Wednesday 7 August 2013

Just thinking about you

Every cloud has a silver lining! If anyone would asked me a few weeks back if Cancer could have the proverbial silver lining I would have yelled out a big NO! How wrong I would have been. Being incancerated has huge silver linings that warm you and dazzle you more than the brightest ray of sunshine! It took me some time to share with the ones that make my world the terrible news that had befallen on me. First it was a few friends, then a blog restricted to those very few friends, then some understated allusions on my main blog and to my pwhy family: loved one, not well etc. Then one fine day I decided to say it loud and clear: my husband had cancer. That day the clouds parted and my world was filled with sunshine. I was humbled by the amount of goodwill, love, positive thoughts and support that engulfed like the softest and yet strongest real and virtual avalanche. From every corner of the world people reached out to me, even people I had never met but knew because of project why. It almost seemed like project why had been created more than a decade ago by the big picture God my father had introduced to me when I was a child and was hurt in some way or the other.

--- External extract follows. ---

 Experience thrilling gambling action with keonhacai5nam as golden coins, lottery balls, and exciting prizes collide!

Pa always said that the hurt was for good reason in the big picture that God only sees. And as a little girl I believed in that God with all my heart. That God did not have a face, or a name. Today I call it the big picture God! This picture is Utpal wearing his Hanuman mask. Let him become the face of the big picture God.

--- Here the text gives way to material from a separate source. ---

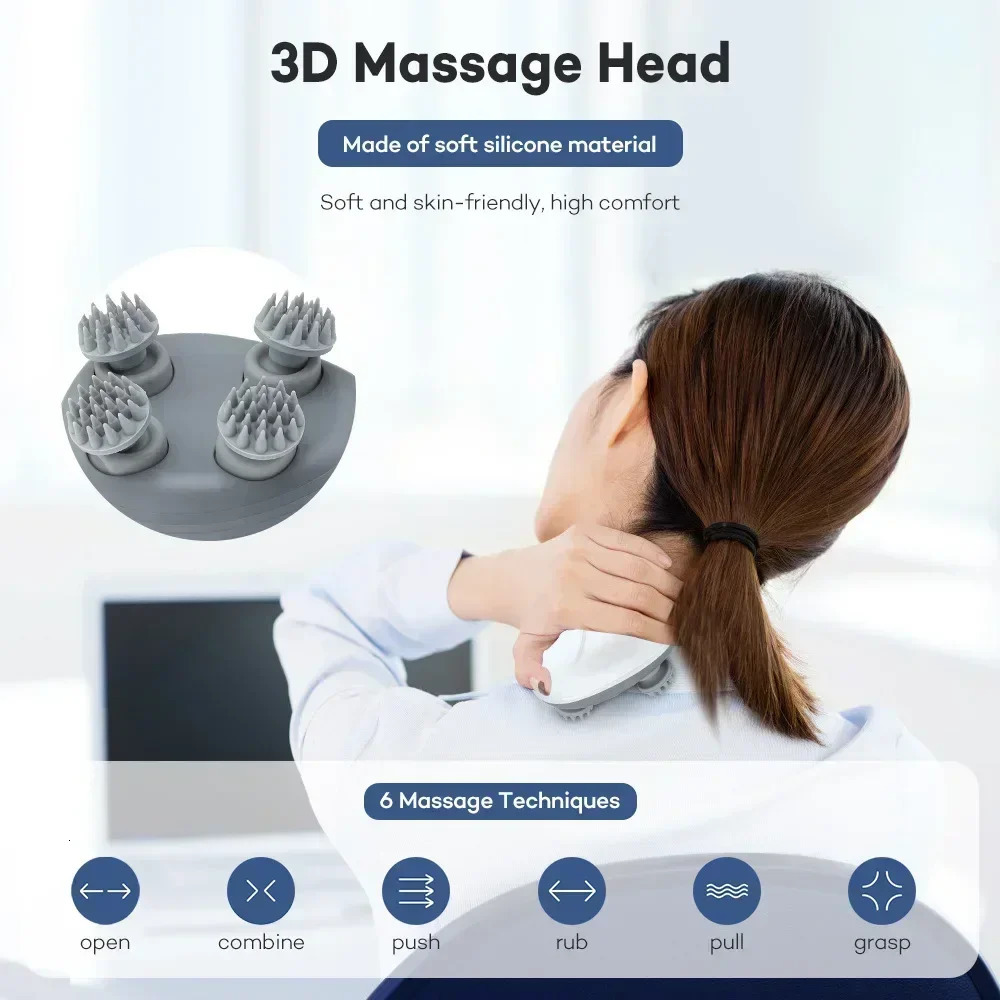 Electric Scalp Head Massager Red Light Therapy Antistress Relax Body Massage Remove Muscle Tension Tiredness Massageador Tool 250605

So this big picture God sees the big picture, and just has he saw the big picture of this little child before he fell into the bubbling pan and charted the course of his life so that he could be with us today, he must have seen Ranjan's cancer and got busy filling the orphaned only child's world so that she would not be alone when cancer struck. And it was not just the project why family, but a new family that took seed the moment the news was known. My A team, with even a Doctor who sees with his heart!

When I get up every morning at some unearthly hour as sleep deludes me, I switch on my computer and am always greeted with mails from all across the world. What is touching is that many of the people who send these mails, I have never met. One of today's mail was most touching: Hi Anou,
 Just thinking about you. How is hubby doing ? Love

Then before everything else I have to send an update to two wonderful people who normally sleep late and thus wake up late, but wake up at the ping of my mail and send me a message filled with love. Were it not for my incanceration I would have never been blessed by the love of these exceptional souls!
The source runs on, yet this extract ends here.